I have always enjoyed cooking. Though I’m not a great cook, I get a lot of pleasure out of taking a list of measurements and ingredients and turning it into something that others can savor. When I interviewed for my first real job, they asked me what I did to relieve stress. I said, I bake bread. The woman interviewing me, whom I found out later, hated to cook, looked at me like I had two heads. Anything else? she asked, sure I must do something like jog or take long baths as a stress reliever.
Although, I’d love to be able to throw together the things in my cabinets to make something tasty without following a script, I think much of the pleasure (and the stress relief) I get comes from the focused attention on the recipe. I rarely have a recipe memorized and so I must concentrate on what it tells me to do. While I’m concentrating on the instructions, I can’t really think about anything else. Any worries I’ve had disappear as I rush to get onions chopped or carrots peeled or find the curry tucked away in the cabinet.

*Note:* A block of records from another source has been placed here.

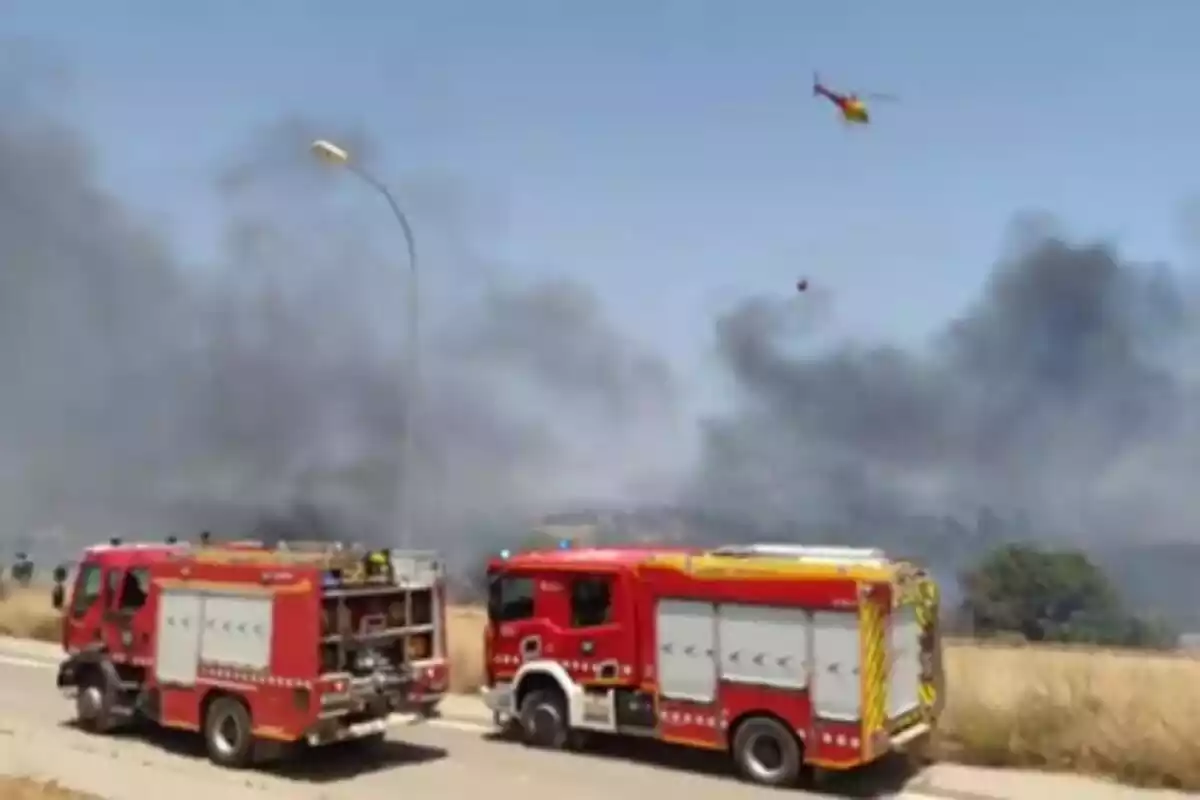Imatge dels Bombers treballant en un incendi a Montcada i Reixac.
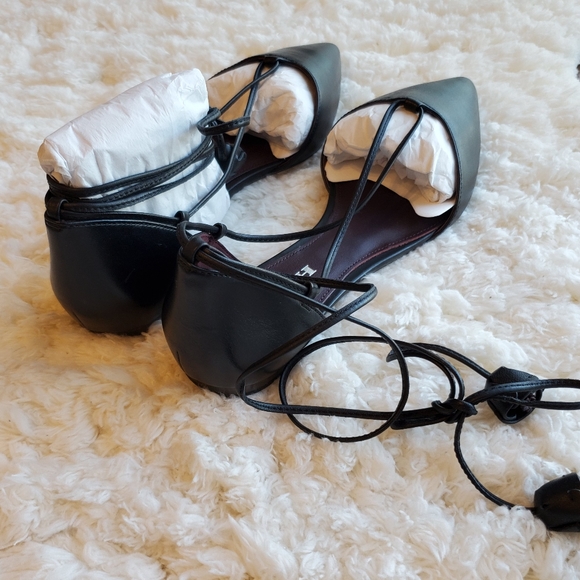 COACH black Johnson Ghillie Lace Pointy Toe Flats - Picture 6 of 8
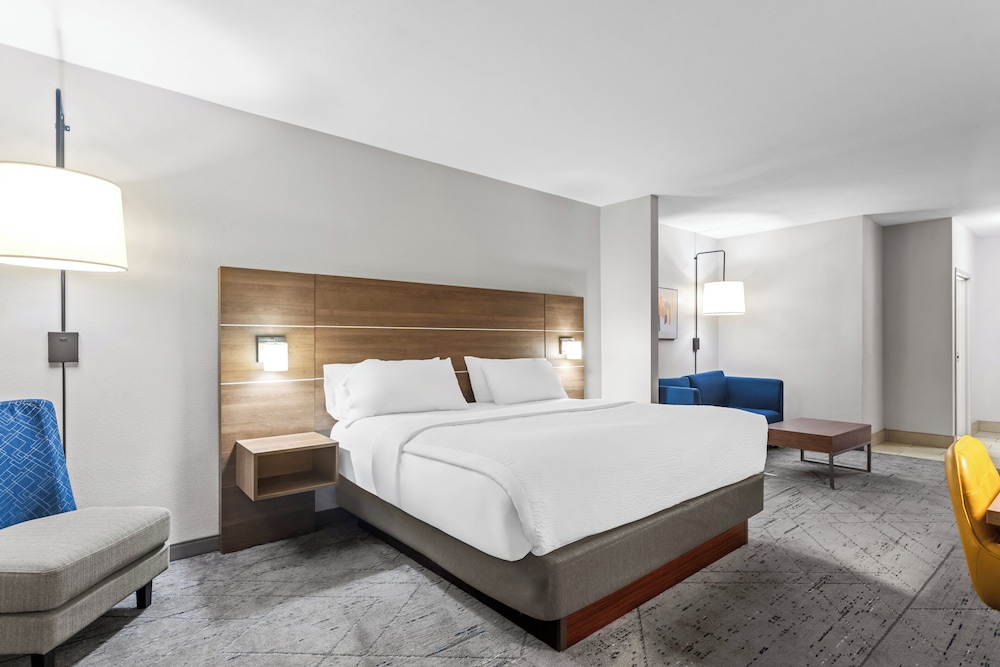 holiday inn express and suites savannah midtown by ihg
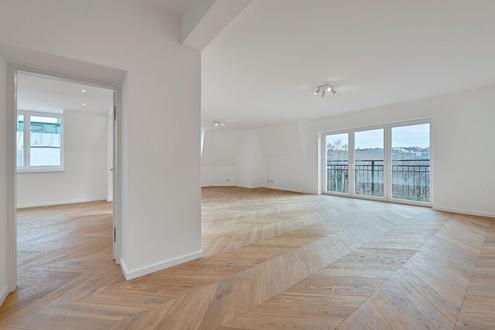 Luxus-Dachgeschoss-Wohnung mit Panoramablick in exklusiver Lage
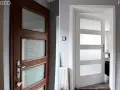Przed i po: ciemnobrązowe drzwi wewnętrzne z przeszkleniami przemalowane na biało.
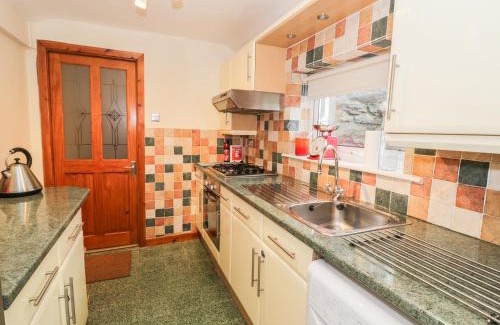 Manod House | Bryn Eithin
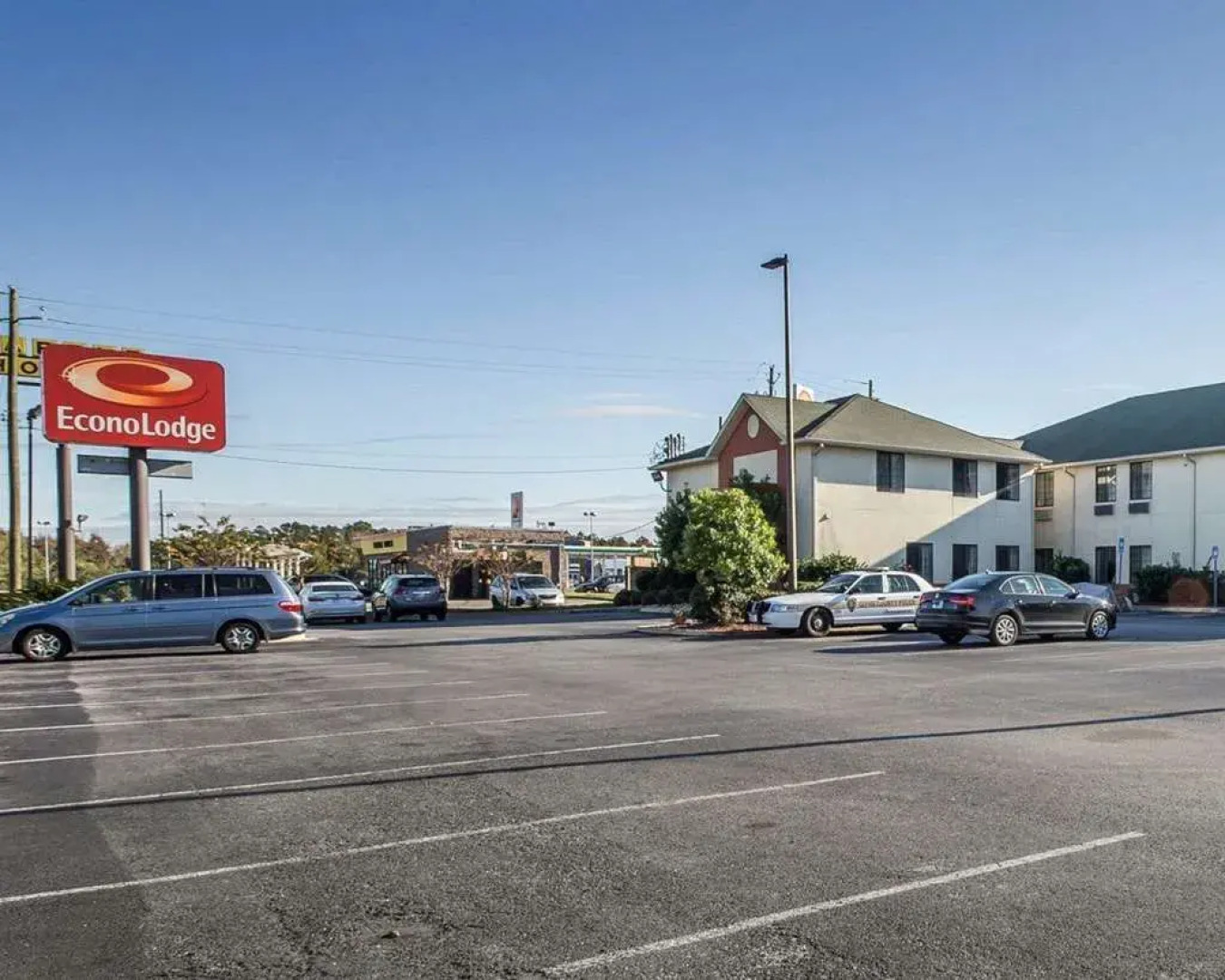 Econo Lodge Brunswick Travel Center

There’s the added pleasure, too, of watching everything transform. I love watching onions soften and broccoli turn bright green, sauces thicken and butter melt. And the colors of things mixed together, of broccoli next to carrots, of tumeric turning everything yellow, of tomatoes mixing with cream to be almost (but not quite) pink. It reminds me of being a kid again, when I would mix play-dough colors together or paint and I wasn’t quite sure how it would turn out. And it really didn’t matter. I was delighted nonetheless.